Now there are reports of plans to scrap subjects such as music, home economics, wood work, and so on.

One sign that this is a poorly conceived idea is that subjects such as religious education are being retained.

Musicians, carpenters, and chefs do more to grow an economy and create jobs than Bible reading, except for the preachers of the prosperity gospel.

All said, education reform is difficult to do because it is very hard to tie it to outcomes.

ORGAN TRANSPLANT

You can invest in the best education for doctors, for example, but that will not give you a good health care system.

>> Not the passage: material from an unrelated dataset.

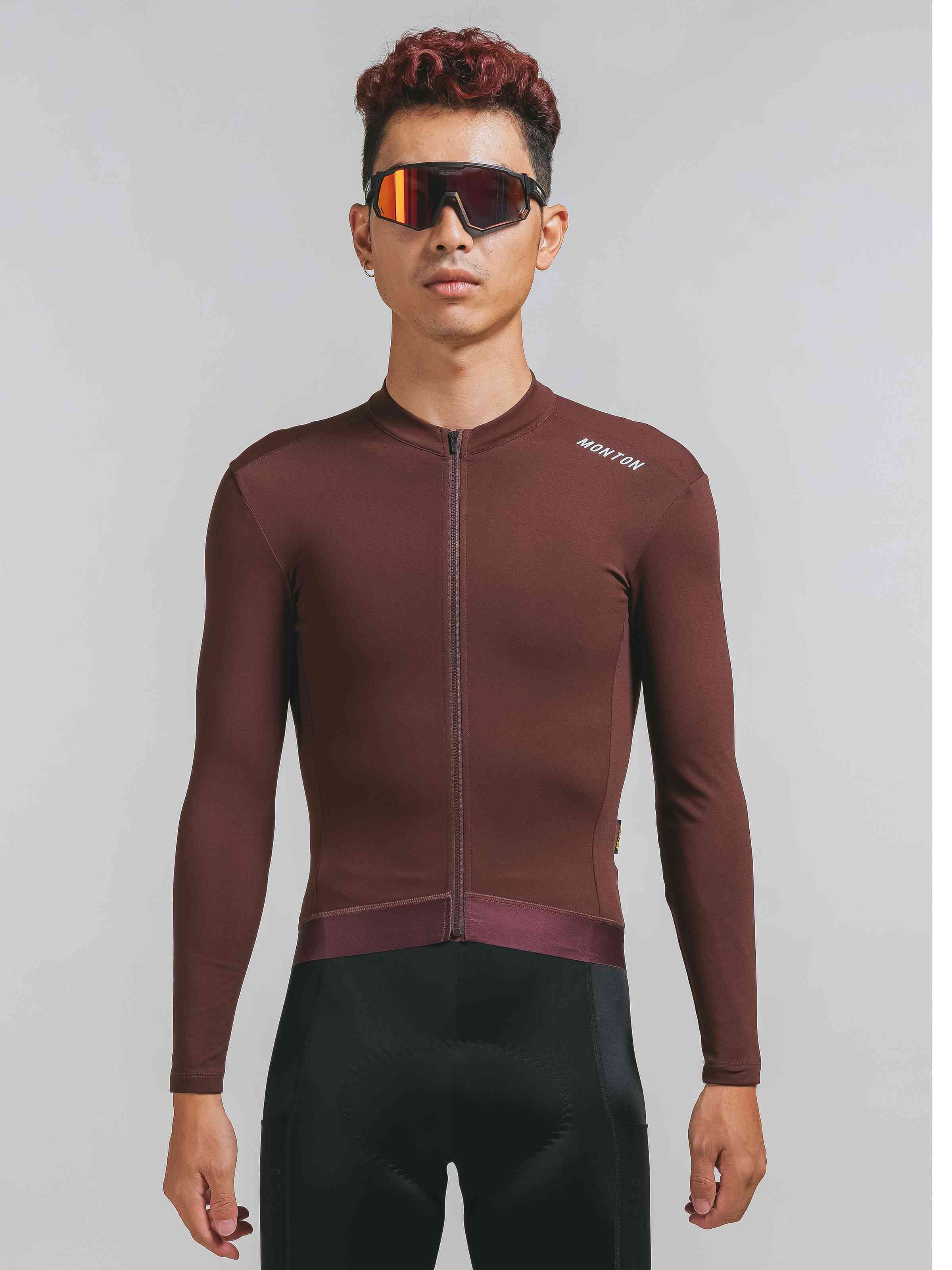 mens thermal cycling jersey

If I were given a little country to run according to my whims, and to set up an education system, I would only require that it trains “productive creative thinkers and practical-minded individuals in all subjects”.

We shall give an example. One of my favourite sources for intelligent and often quirky insights about the affairs of the world is the American website, Slate.

A few days ago it had a brilliant article about driverless cars, noting that “a lot has been said about the ways we expect our oncoming fleet of driverless cars to change the way we live — remaking us all into passengers, rewiring our economy, retooling our views of ownership, and reshaping our cities and roads”.

However, it said one thing not being discussed is that “they will also change the way we die.

As technology takes the wheel, road deaths due to driver error will begin to diminish.

It is a transformative advancement, but one that comes with consequences in an unexpected place: organ donation”.

Nearly 6,500 Americans die waiting for an organ transplant each year, it noted.

Now more could die because “among the most reliable sources for healthy organs and tissues are the more than 35,000 people killed each year on American roads”.

So, while it is a morbid truth, if people stop dying in car crashes, organs for transplants will just disappear.

START EARLY
The point of the article was that America needed to begin preparing for that time.

Presumably, safe driverless cars could be a big boost for industries making artificial body parts and cloning.

It is the ability to make those kinds of connections, and to act to take advantage of them, that should be the primary reason for a good education system today.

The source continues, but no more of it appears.